### What to produce
Given the entries below, would you transcribe exactly the lines starting at the one with "Куриные крылья 300 гр." and ending at the one with "Acetate Ultra Cat", both kept, pictures omitted, nothing extra?

### The input
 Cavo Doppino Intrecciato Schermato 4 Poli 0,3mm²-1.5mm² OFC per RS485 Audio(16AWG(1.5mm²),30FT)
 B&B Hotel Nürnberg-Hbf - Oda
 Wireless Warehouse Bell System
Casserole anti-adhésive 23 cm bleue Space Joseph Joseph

--

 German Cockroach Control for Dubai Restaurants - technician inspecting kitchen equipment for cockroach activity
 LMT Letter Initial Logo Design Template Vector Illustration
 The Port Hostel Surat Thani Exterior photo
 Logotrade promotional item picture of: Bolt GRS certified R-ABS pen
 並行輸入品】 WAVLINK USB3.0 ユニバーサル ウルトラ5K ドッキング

--

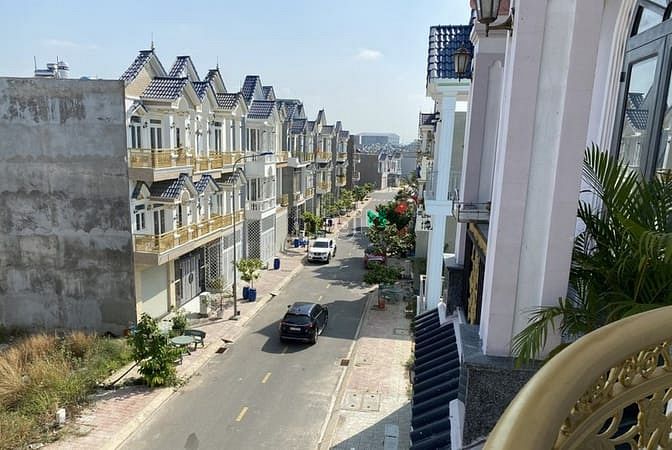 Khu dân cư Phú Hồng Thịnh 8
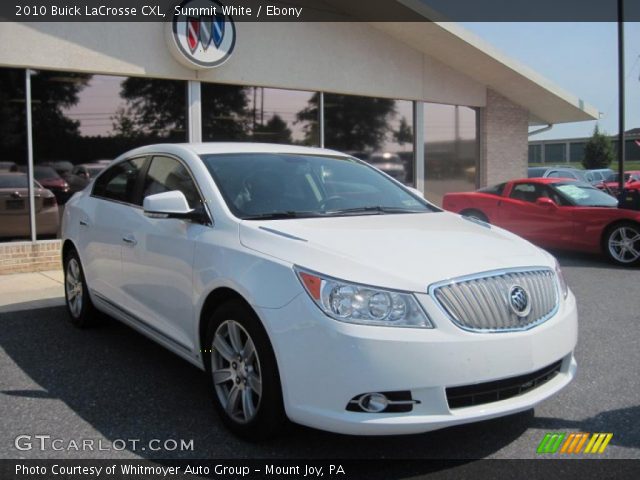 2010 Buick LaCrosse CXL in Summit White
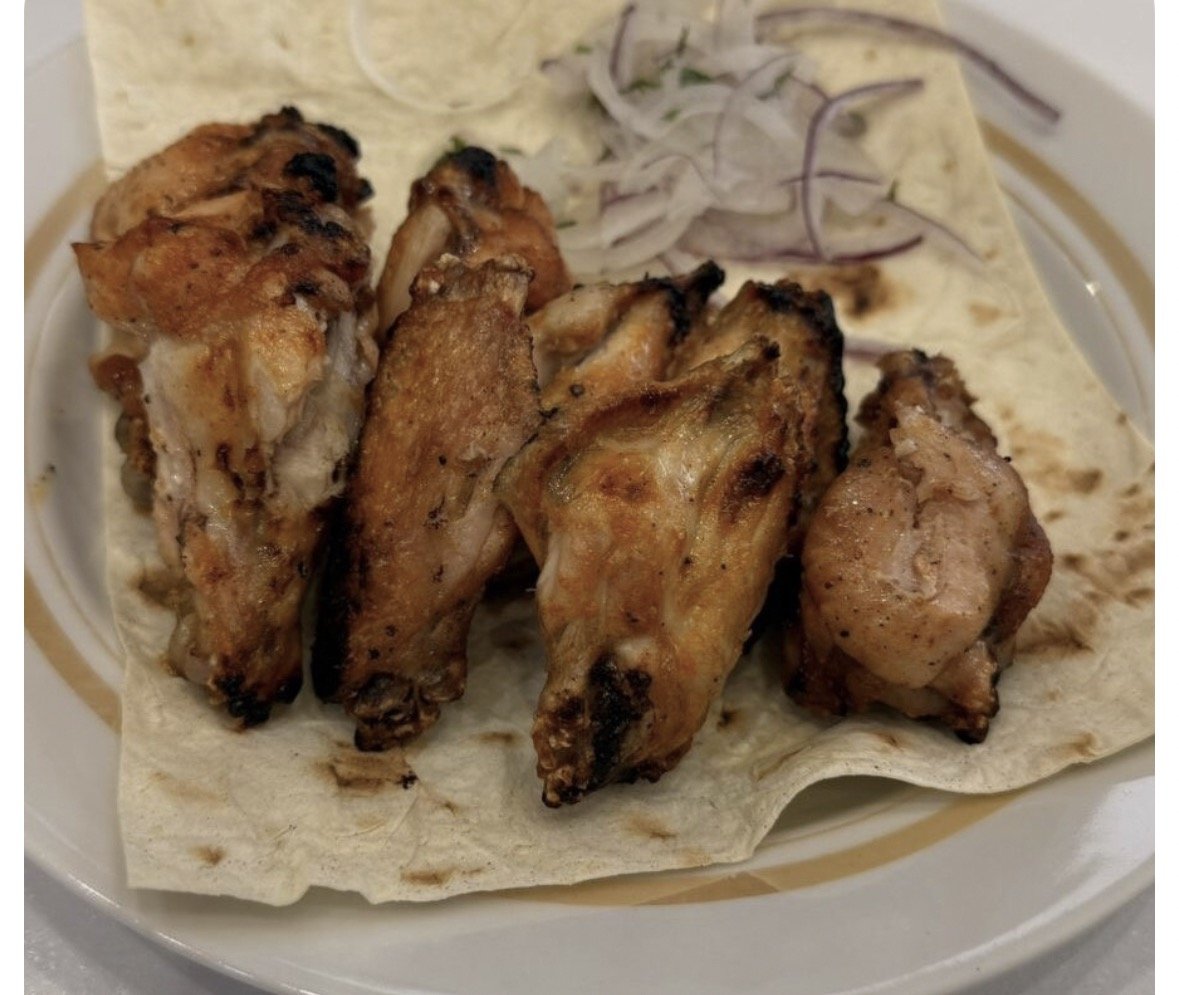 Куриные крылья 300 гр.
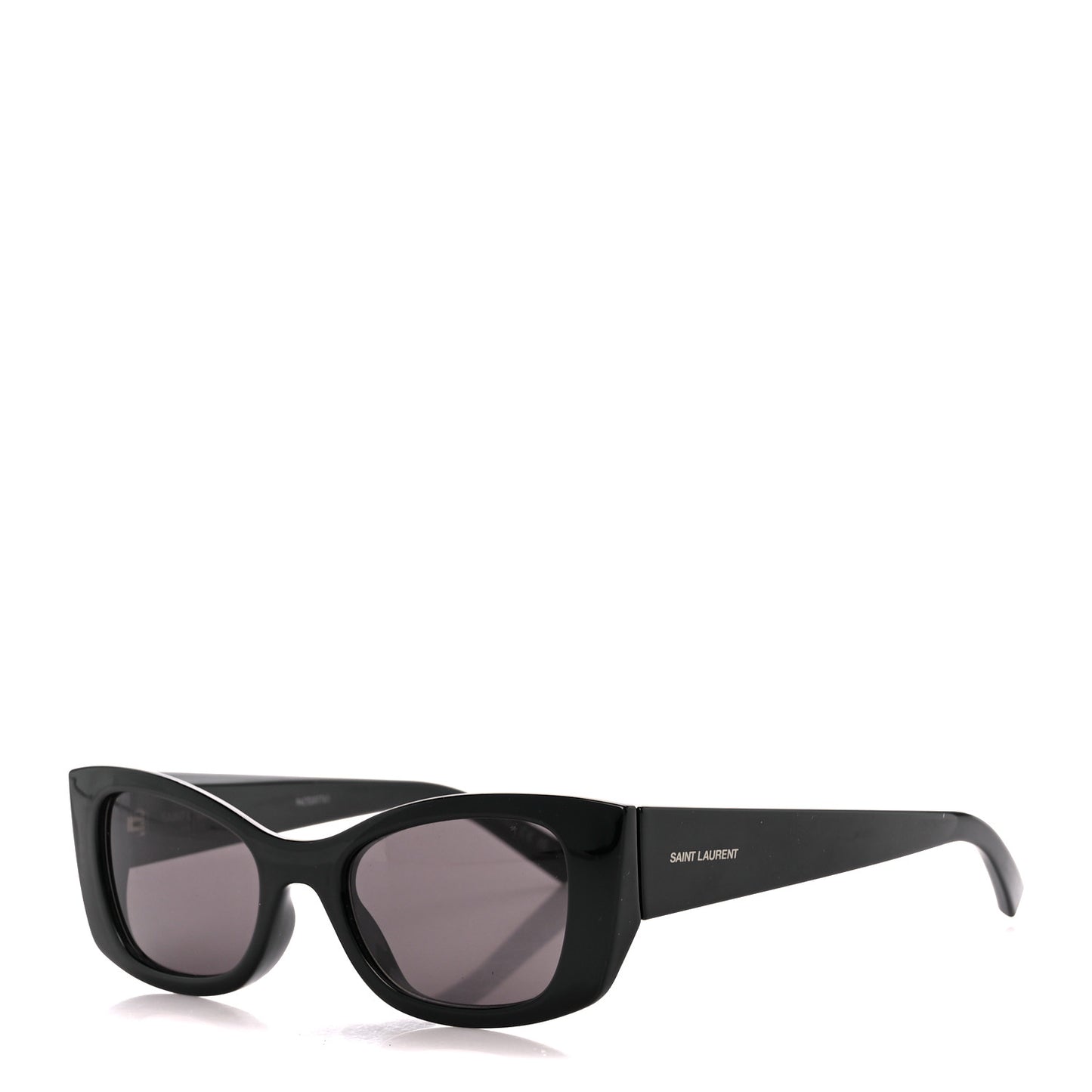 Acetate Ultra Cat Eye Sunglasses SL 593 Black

### Answer box
 Куриные крылья 300 гр.
 Acetate Ultra Cat Eye Sunglasses SL 593 Black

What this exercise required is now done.